Holds the configuration of a language model instruction-finetuning task.

dataset: str | AssetCard | Path = 'foo'

The name, path, or path to the asset card of the instruction dataset.

train_split: str = 'default'

The name of the train data split.

valid_split: str | None = None

The name of the valid data split.

max_seq_len: int = 8192

The maximum sequence length.

max_num_tokens: int = 16384

The maximum number of tokens per batch.

batch_size: int | None = None

If not None, ignores max_num_tokens and each batch will have batch_size examples.

max_num_valid_tokens: int | None = None

The maximum number of tokens per validation batch.

example_shuffle_window: int = 10000

The size of the sliding window for shuffling examples.

batch_shuffle_window: int = 1000

The size of the sliding window for shuffling batches.

num_prefetch: int = 4

The number of batches to prefetch in background.

src_encode_mode: str = 'prompt'

The encode mode for the prompt, determines what special tokens to add.
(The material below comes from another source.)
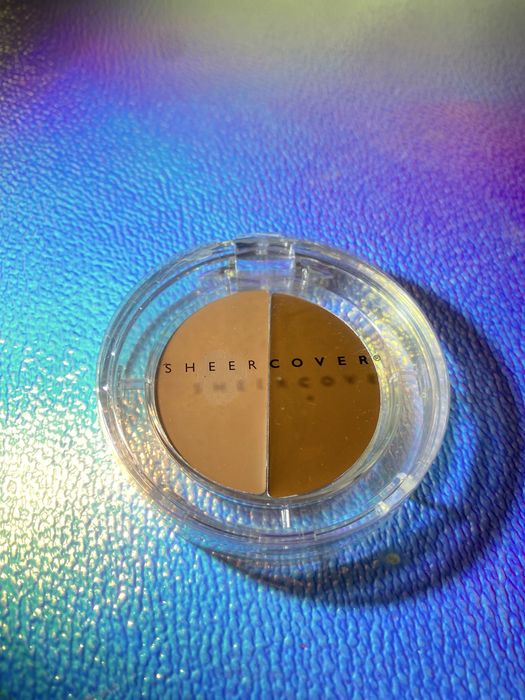 Bronzer Sheer Cover - Wyprzedaz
tgt_encode_mode: str = 'prompt_response'

The encode mode for the target, determines what special tokens to add.

model: str | AssetCard | Path = 'llama3_1_8b_instruct'

The name or path to the asset card of the language model to finetune.

model_config: Any = None

The model configuration overrides. The provided values must be compatible with the checkpoint; otherwise, the model will fail to load.

dtype: dtype = torch.bfloat16

The data type of the model.

mixed_precision: Literal['none', 'static', 'dynamic'] = 'static'

If ‘none’, the whole training will be run in dtype. If ‘static’, forward and backward passes will be run in dtype, but the optimizer step will be run in full precision. If ‘dynamic’, forward and backward passes will be run with torch.amp in dtype, but the optimizer step will be run in full precision.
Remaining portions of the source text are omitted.